Standardized Format: Consistent structure across text, image, and span annotations
Type Safety: Automatic conversion of labels to sets, proper numpy array handling
Flexibility: Supports both full-instance and partial (span) annotations
Hashable: Can be used in sets and as dictionary keys

Instance

Purpose: Combines raw data with its annotations to represent a single training/inference example.

An Instance is a generic container that holds:

Data: The actual content (text, image, features, etc.)
Annotations: Ground truth labels/annotations
Meta: Mutable metadata dictionary
Hash: Deterministic identifier for the instance

Abstract Interface:

from abc import ABC, abstractmethod
from ainxt.data import Instance, Annotation

class Instance[R](ABC):
    @property
    @abstractmethod
    def data(self) -> R:
        """Returns the raw data"""
        pass

    @property
    @abstractmethod
    def annotations(self) -> Sequence[Annotation]:
        """Returns ground-truth annotations"""
        pass

    @property
    @abstractmethod
    def meta(self) -> MutableMapping[str, Any]:
        """Returns metadata dictionary"""
        pass

    @property
    @abstractmethod
    def hash(self) -> int:
        """Returns deterministic hash value"""
        pass

Using RawInstance (Concrete Implementation):

aiNXT provides RawInstance as a ready-to-use implementation:

from ainxt.data import RawInstance, Annotation

# Create instance with raw data
annotation = Annotation(labels="positive")
instance = RawInstance(
    data="This is great!",
    annotations=[annotation],
    meta={"source": "customer_review"}
)

# Access properties
print(instance.data)         # "This is great!"
print(instance.label)        # "positive"
print(instance.meta)         # {"source": "customer_review"}
print(instance.hash)         # Deterministic integer hash

Creating Custom Instances:

For domain-specific needs, inherit from Instance or use RawMixin:

from ainxt.data import Instance, RawMixin

# Option 1: Using RawMixin (provides all implementations)
class TextInstance(RawMixin[str], Instance[str]):
    pass

# Option 2: Custom implementation
class ImageInstance(Instance[np.ndarray]):
    def __init__(self, image_path: str):
        self._image = load_image(image_path)
        self._annotations = extract_annotations(image_path)
        self._meta = {}

    @property
    def data(self) -> np.ndarray:
        return self._image

    # ... implement other abstract methods

Key Features:

Generic Typing: Instance[R] where R is your data type (str, np.ndarray, etc.)
Convenience Properties:
annotation - Returns single top-level annotation (or None)
label - Returns single label from top-level annotation
labels - Returns all labels from top-level annotation
Hashable and Comparable: Can be used in sets, dictionaries, and equality checks

Dataset

Purpose: A collection of instances with standardized iteration, sizing, and persistence capabilities.

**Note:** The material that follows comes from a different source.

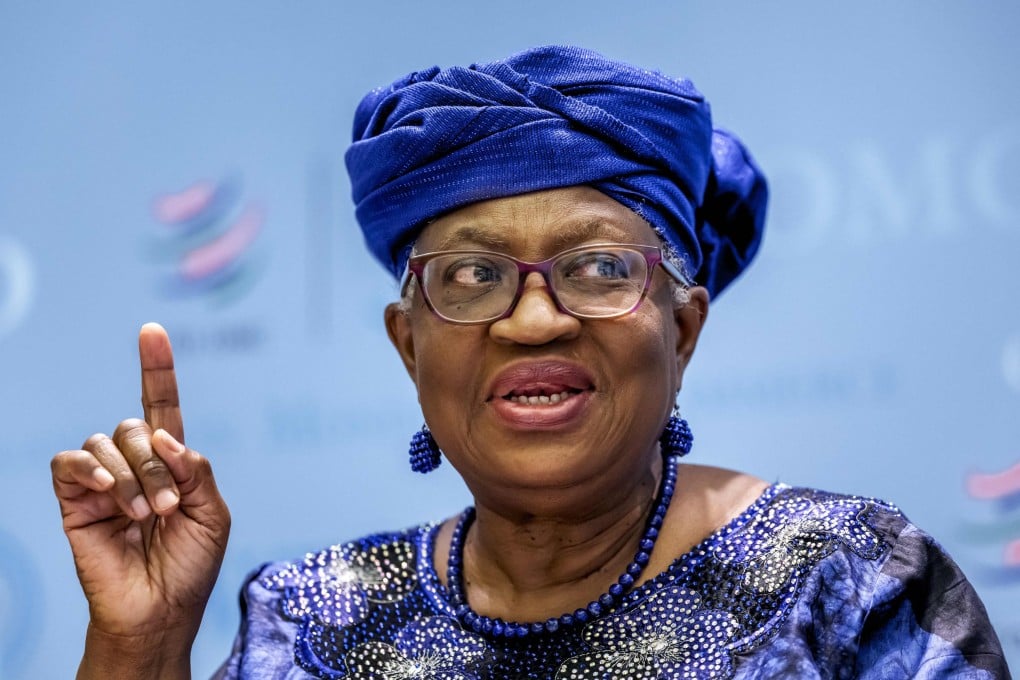 World Trade Organization Director General Ngozi Okonjo-Iweala gestures during a press conference in Geneva on Wednesday. Photo: AFP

A Dataset is an iterable, sized collection of instances that can be looped over multiple times:

Abstract Interface:

from abc import ABC, abstractmethod
from ainxt.data import Dataset, Instance

class Dataset(Sized, Iterable[X], ABC):
    @abstractmethod
    def __len__(self) -> int:
        """Returns the number of instances"""
        pass

    @abstractmethod
    def __iter__(self) -> Iterator[X]:
        """Returns an iterator over instances"""
        pass

Creating Custom Datasets:

from ainxt.data import Dataset, RawInstance, Annotation

class TextClassificationDataset(Dataset):
    def __init__(self, texts: list[str], labels: list[str]):
        self.instances = [
            RawInstance(
                data=text,
                annotations=[Annotation(labels=label)]
            )
            for text, label in zip(texts, labels)
        ]

    def __len__(self):
        return len(self.instances)

    def __iter__(self):
        return iter(self.instances)

# Usage
dataset = TextClassificationDataset(
    texts=["Great!", "Terrible"],
    labels=["positive", "negative"]
)

# Standard Python iteration
for instance in dataset:
    print(f"{instance.data} -> {instance.label}")

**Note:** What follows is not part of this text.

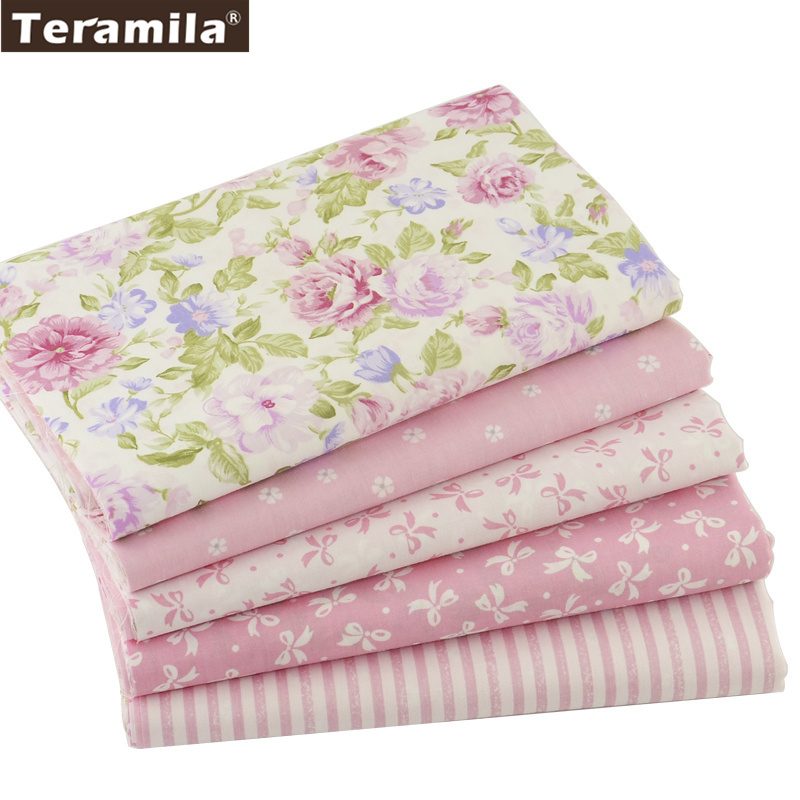Teramila Cotton Fabric Pink For Sewing Fat Quarter Quilting Patchwork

# Can iterate multiple times
print(f"Dataset size: {len(dataset)}")

Built-in Methods:

# Materialize all instances into memory
instances = dataset.collect()  # Returns Sequence[Instance]

# Save to JSON
from ainxt.serving.serialization import ainxtJSONEncoder
dataset.save("data.json", ainxtJSONEncoder)

Key Features:

Reusable Iteration: Unlike iterators, datasets can be looped over multiple times
Type Safety: Generic Dataset[X] where X is your Instance type
Lazy or Eager: Can load data on-the-fly or materialize all at once
Serialization: Built-in JSON save support with custom encoder

Example: Lazy Loading Dataset:

class LazyCSVDataset(Dataset):
    def __init__(self, csv_path: str):
        self.csv_path = csv_path
        self._length = count_lines(csv_path)

    def __len__(self):
        return self._length

    def __iter__(self):
        # Read file fresh each iteration
        with open(self.csv_path) as f:
            for line in f:
                text, label = line.strip().split(',')
                yield RawInstance(
                    data=text,
                    annotations=[Annotation(labels=label)]
                )

Model Abstractions

The model layer defines interfaces for making predictions and training models:

graph TB
    M[Model] --> TM[TrainableModel]
    TM -.predicts.-> P[Prediction]
    D[Dataset] -.feeds.-> TM

    style M fill:#FF6B35
    style TM fill:#0F596E,color:#fff
    style P fill:#FF6B35

Model

Purpose: Base class defining the prediction interface.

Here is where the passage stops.